Isaiah in today’s First Reading promises Israel’s future release and return from captivity and exile. But as today’s Gospel shows, Israel’s historic deliverance was meant to herald an even greater saving act by God—the coming of Jesus to set Israel and all nations free from bondage to sin, to gather them up and carry them back to God.

Gospel of Mark begins in a time when what is left of Israel, the kingdom of Judea, is once again a conquered people, this time ruled by the Romans. Once again, they hope for God’s liberation. Isaiah’s words must have been very familiar to them. Indeed, Mark quotes from Isaiah 40, verse 3, in the very reading we have just heard.

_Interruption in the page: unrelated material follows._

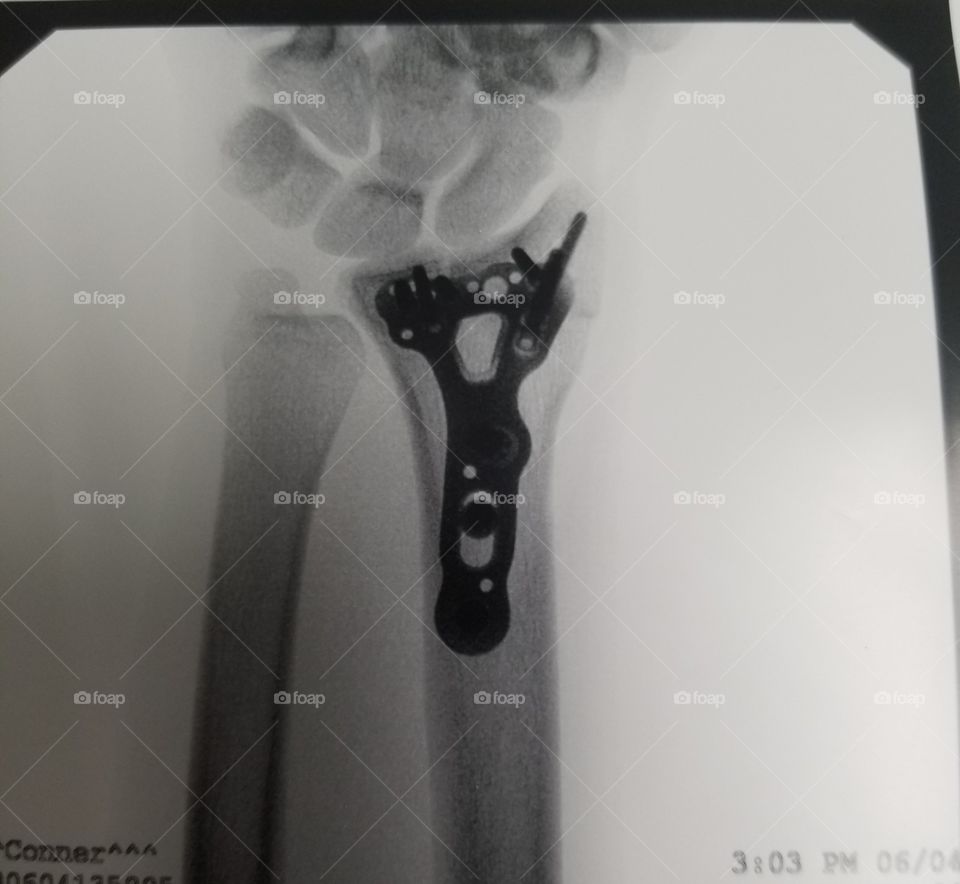 Wrist Surgery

John, however, is different from the images Isaiah calls to mind. In his own time, he was something of an eccentric. In today’s culture, he would have been a genuine curiosity. His wardrobe was the extreme of the natural fibres fashion trend. Imagine how he must have looked with the roughly textured camel’s hair, thrown over his body and belted with a strip of leather. His diet of locusts and wild honey surely conveyed some significant message to his culture.

If his dress and habits have a rough texture to them, listen to his message. John speaks of repentance rather than comfort. He preaches baptism for the forgiveness of sins. John is quite clear that one greater than he is coming. He is the prophet, not the fulfillment. It is the time to get ready. This is where we find ourselves this second Sunday of Advent.  

Advent is the season of preparation. The Advent wreath’s first candle has already begun to burn lower. Today we light the second. One fourth of the current year’s portion of preparation time has already passed. Now, it is time to address some significant questions. What are we preparing for? Who needs to be prepared? Who will prepare them?

What we are preparing for is the easiest question. Song and text make it clear that we are preparing for no less than the kingdom of God. Think of the words we pray so often: “Thy kingdom come, thy will be done.” That is what we prepare for and work for, today, and every day, here, and wherever we are.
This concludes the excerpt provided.